The Art of Fielding takes place at a small college on the edge of Lake Michigan. When freshmen baseball Henry Skrimshander arrives on campus, his presence shakes up many lives: his best friend and the captain of the baseball team, his roommate, the college president, and the president’s daughter. The novel, told in five POVs (beautifully executed!), meanders through Henry’s college years–the best and the worst of them.
The plot was not especially twisty, or action packed, or even exceptionally original. But the ways in which the characters interacted with each other, their internal and external struggles, their emotional attachments, their mistakes and redemptions–these things were all messy and nuanced and unpredictable. The characters continually messed up. They were constantly surprised by their own actions. This made the novel surprising, as well.
My enjoyment and admiration of books most often depends on how deeply I feel for the characters. How deeply I feel for the characters depends on how deeply, sharply, and truly they are drawn. In my opinion, good characters–true characters, the ones that seem to breathe on the page–are the ones that surprise even themselves, the ones that find themselves acting in ways they did not know they could act. This is the way life is: we think and feel and analyze and go about loving and working, raising children and making dinner, but when we get to the real heart of something, when we’re in the midst of the hardest bits, when the unpredictable or unthinkable occurs, we surprise ourselves.
The characters in The Art of Fielding, and their messy, imperfect, intertwined lives, were all beautifully, deeply drawn, and a joy to spend some hours with. I listened to the audio of this book, which was stellar, and, for the first time, I stayed up late in bed with my headphones in, listening to the last few hours of the book, because I had to know what happened. This is a book I can’t wait to reread.
A final note, but beware: The following paragraphs contains SPOILERS!
There is a scene, near the end of the book, where, in the middle of the most important baseball game of the season, the main characters discover someone has died. The scene is so perfectly and brilliantly crafted it took my breath away. I love baseball, and I was enthralled by the suspense of that game–these characters, whom I had come to love, had poured all of themselves into it; everything on the line. The writing was gorgeous, the play-by-play both emotionally and superficially suspenseful. I was holding my breath as Harbarch described each play and its aftermath. I desperately wanted the team to win. It was all I could think about.

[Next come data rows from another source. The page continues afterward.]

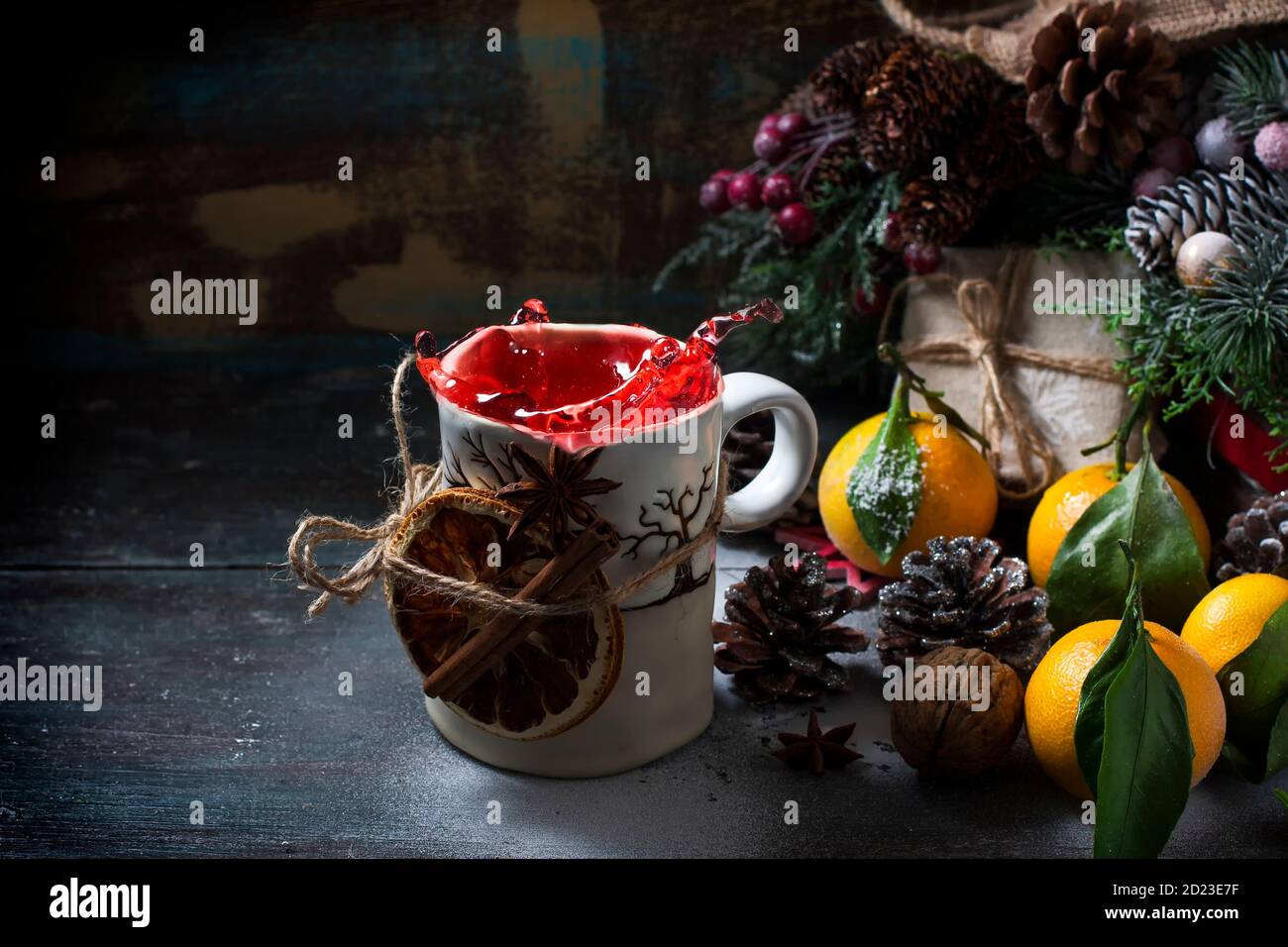 Mulled wine splashes and tangerines Christmas composition. Gift box, cones on a dark wooden background. Copy space Stock Photo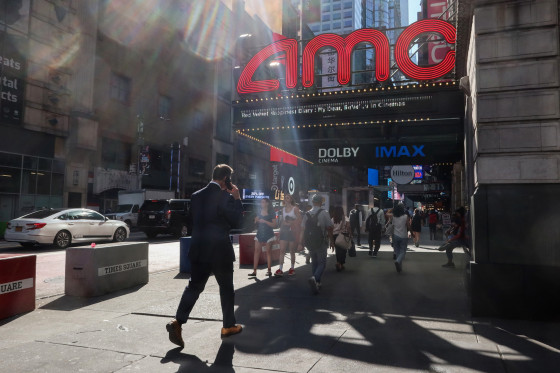 People walking past an AMC Movie Theater in Times Square in New York City.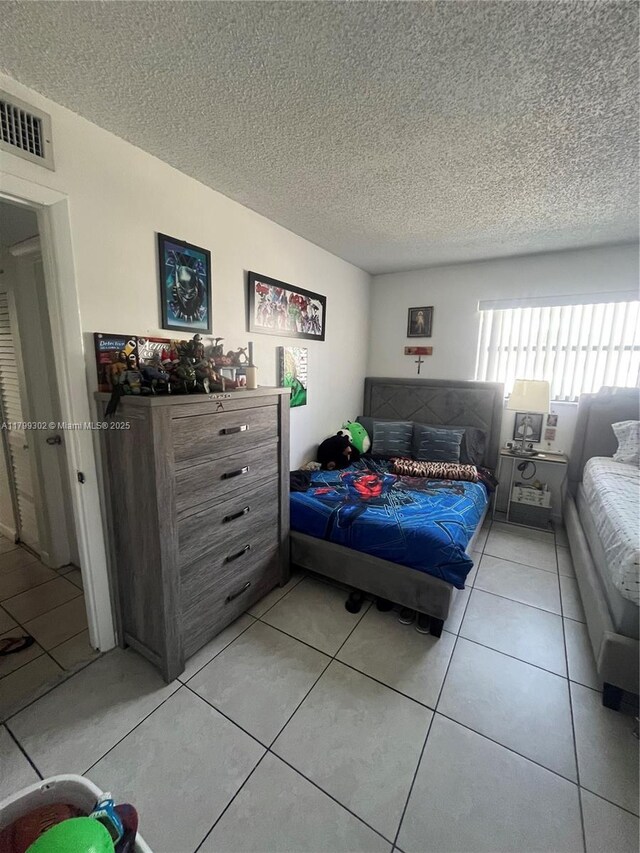 8145 NW 7th St Unit 211, Miami, FL 33126 - bedroom with a textured ceiling and light tile patterned flooring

Then the bullpen phone rings, and though I already knew the character was dead, though I knew what that phone call was going to reveal–it absolutely cut me. The death is announced, and the game absolutely, completely ceases to matter. The tension snaps and the game becomes frivolous, my investment in it completely dissolved. It’s brilliant writing, the way everything shifts in that moment, this crystalline realization–for both the reader and the characters–of what matters and what doesn’t, and why. I will never forget how I felt reading that scene. In my opinion, it’s a scene for the ages.